A deferral is used in accrual based accounting when an asset or liability has not been realized. It is recognized however because it will be recognized at a future date. Often times a deferral refers to a revenue or expense.
There are generally two types of deferrals in accounting.
The first, deferred revenue, is considered a liability because usually a service needs to be performed or a product must be delivered before the amount can be realized. This would happen if a customer paid for a product upfront with the guarantee that the company will deliver in the future.

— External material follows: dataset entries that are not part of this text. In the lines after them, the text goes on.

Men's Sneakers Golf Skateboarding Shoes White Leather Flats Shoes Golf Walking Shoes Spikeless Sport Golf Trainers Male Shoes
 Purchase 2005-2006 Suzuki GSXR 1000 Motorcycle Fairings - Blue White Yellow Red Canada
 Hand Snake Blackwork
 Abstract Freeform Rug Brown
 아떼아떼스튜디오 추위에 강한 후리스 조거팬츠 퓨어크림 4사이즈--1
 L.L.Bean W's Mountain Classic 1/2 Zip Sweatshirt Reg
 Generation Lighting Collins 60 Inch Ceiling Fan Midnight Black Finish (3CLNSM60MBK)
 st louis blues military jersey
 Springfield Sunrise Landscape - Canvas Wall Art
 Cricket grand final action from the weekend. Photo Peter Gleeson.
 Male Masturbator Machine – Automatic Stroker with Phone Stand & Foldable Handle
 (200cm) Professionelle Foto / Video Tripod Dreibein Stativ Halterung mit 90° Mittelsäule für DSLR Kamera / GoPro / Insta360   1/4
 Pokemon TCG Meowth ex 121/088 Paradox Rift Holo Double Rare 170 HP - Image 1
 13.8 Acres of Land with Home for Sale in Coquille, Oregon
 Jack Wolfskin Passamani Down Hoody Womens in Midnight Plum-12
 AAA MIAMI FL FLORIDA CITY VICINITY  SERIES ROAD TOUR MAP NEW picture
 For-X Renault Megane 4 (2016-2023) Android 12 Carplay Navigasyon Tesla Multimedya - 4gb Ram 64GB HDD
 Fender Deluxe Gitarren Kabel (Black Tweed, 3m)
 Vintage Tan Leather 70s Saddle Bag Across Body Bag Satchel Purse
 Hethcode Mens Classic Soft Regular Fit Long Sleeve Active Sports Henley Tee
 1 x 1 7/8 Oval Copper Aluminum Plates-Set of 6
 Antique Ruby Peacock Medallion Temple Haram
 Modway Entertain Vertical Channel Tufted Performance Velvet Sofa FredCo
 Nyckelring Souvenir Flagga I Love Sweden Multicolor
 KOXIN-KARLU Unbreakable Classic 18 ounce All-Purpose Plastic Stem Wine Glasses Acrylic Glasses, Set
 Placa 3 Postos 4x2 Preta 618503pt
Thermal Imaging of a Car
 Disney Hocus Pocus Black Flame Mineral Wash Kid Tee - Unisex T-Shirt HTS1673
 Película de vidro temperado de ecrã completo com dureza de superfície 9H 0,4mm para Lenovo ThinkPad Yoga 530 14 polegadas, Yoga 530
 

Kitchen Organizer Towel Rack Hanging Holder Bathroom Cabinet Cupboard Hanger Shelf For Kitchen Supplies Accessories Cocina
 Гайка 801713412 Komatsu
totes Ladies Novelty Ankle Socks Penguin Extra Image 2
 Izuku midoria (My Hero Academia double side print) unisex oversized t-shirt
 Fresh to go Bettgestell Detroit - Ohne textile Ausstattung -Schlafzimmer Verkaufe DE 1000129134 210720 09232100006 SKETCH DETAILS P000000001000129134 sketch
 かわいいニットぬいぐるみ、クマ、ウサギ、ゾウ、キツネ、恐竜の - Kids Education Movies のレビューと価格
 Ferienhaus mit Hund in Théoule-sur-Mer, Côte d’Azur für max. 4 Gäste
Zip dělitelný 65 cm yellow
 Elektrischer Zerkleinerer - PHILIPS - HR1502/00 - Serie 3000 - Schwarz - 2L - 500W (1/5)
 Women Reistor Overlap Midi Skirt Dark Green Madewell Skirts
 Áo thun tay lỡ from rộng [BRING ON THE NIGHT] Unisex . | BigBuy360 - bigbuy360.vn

The second is a deferred expense. It is often considered a liability because it is considered cash in the company’s pocket that does not have to be paid yet. Often times this extra cash can be put into short term securities to earn extra for the company. The most common deferred expense though are deferred taxes. This is an amount owed to the IRS, but not for a while. Therefore the company can earn extra cash from interest until they need to pay the amount. The money-generating ability of these deferred expenses is what makes them a liability on the balance sheet.
King Company is in the business of producing toy crowns. In mid-April, King Company received payment from one of its many toy retailer customers. King has set up a plan with its vendors to pay them on a quarterly basis for plastic and other materials. Therefore, King has decided to invest the amount in short term securities until the payment to its vendors comes due at the end of June. Thanks to the lag time in deferrals King company is able to make an extra almost free profit based off of interest rates for two and a half months before its payment at the end of June.